Yea, I installed my Premiers in the rear deck myself and it is rather easy to take it apart. No, you can't reach the midbass driver from the trunk I believe but while you can see the 6 1/2s, you have to take the panel off. Their is no need to take the seatbelts off and would you really want a company like Best Buy removing and installing the only device that keeps you from flying out of a car? It should take you about an hour for the whole deal doing it the first time.

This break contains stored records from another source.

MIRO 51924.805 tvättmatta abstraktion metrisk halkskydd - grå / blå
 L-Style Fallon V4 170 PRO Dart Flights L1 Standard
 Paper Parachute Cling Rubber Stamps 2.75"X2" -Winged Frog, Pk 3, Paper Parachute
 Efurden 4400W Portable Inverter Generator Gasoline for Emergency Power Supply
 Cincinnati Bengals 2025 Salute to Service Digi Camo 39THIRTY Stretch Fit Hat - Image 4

Cheek out Pioneer, it's a decent speaker and not too expensive. Sony is, well...their materials and magnets in speakers are less than quality.


----------



## nothingeined (May 12, 2004)

Hmmm..thanks a lot everybody. I guess when she visits this week I'm take everything apart and see what is going on. I know the Sony's are bad, but they should not be real bad. Like when the volume is up with the bass below the middle mark, it rattles everything. I expected them to be decent, but not as they sound now. Thanks again. :cheers:


----------



## Token Moron (Mar 28, 2003)

sony makes horrible mobile audio devices from what ive experienced.....especially H/U's, amps and subs


----------



## Zac (Mar 10, 2004)

AjRaCeR805 said:


> sony makes horrible mobile audio devices from what ive experienced.....especially H/U's, amps and subs


especially amps and subs


----------



## soundman (May 1, 2004)

i have had good luck with sony amps infact i own about 4 of them. the subs are slowly geting better but the dash speakers and the h/u's blow so bad so just get infinity you cant go wrong with ANY of the products


----------



## sr20dem0n (Mar 19, 2003)

soundman said:


> i have had good luck with sony amps infact i own about 4 of them. the subs are slowly geting better but the dash speakers and the h/u's blow so bad so just get infinity you cant go wrong with ANY of the products



yes you can go wrong with Infinity, you can go very wrong

Their subs are good for SQ, and the rest of the speakers are trash. The only ones worth the money are the Reference because they're cheap, the rest sound bad and cost rediculous amounts of money.


----------



## soundman (May 1, 2004)

to be honest you are the first person i have heard say that. i have heard nothing but good thing and heard alot of there products and i was very pleased


----------



## Token Moron (Mar 28, 2003)

soundman said:


> to be honest you are the first person i have heard say that. i have heard nothing but good thing and heard alot of there products and i was very pleased



well im about to be the second one u hear....although the infinity reference series are cheap(price) they are not worth the money, i have 2 12", and they suck, one of them keeps blowing time after time....the other hangs in but sounds like crap considering its supposed to push 300w RMS.


----------



## Punkrocka436 (Jul 8, 2003)

I will be the third to attest to the price/quality ratio of infinity stuff. The tweets are way way way to harsh as well.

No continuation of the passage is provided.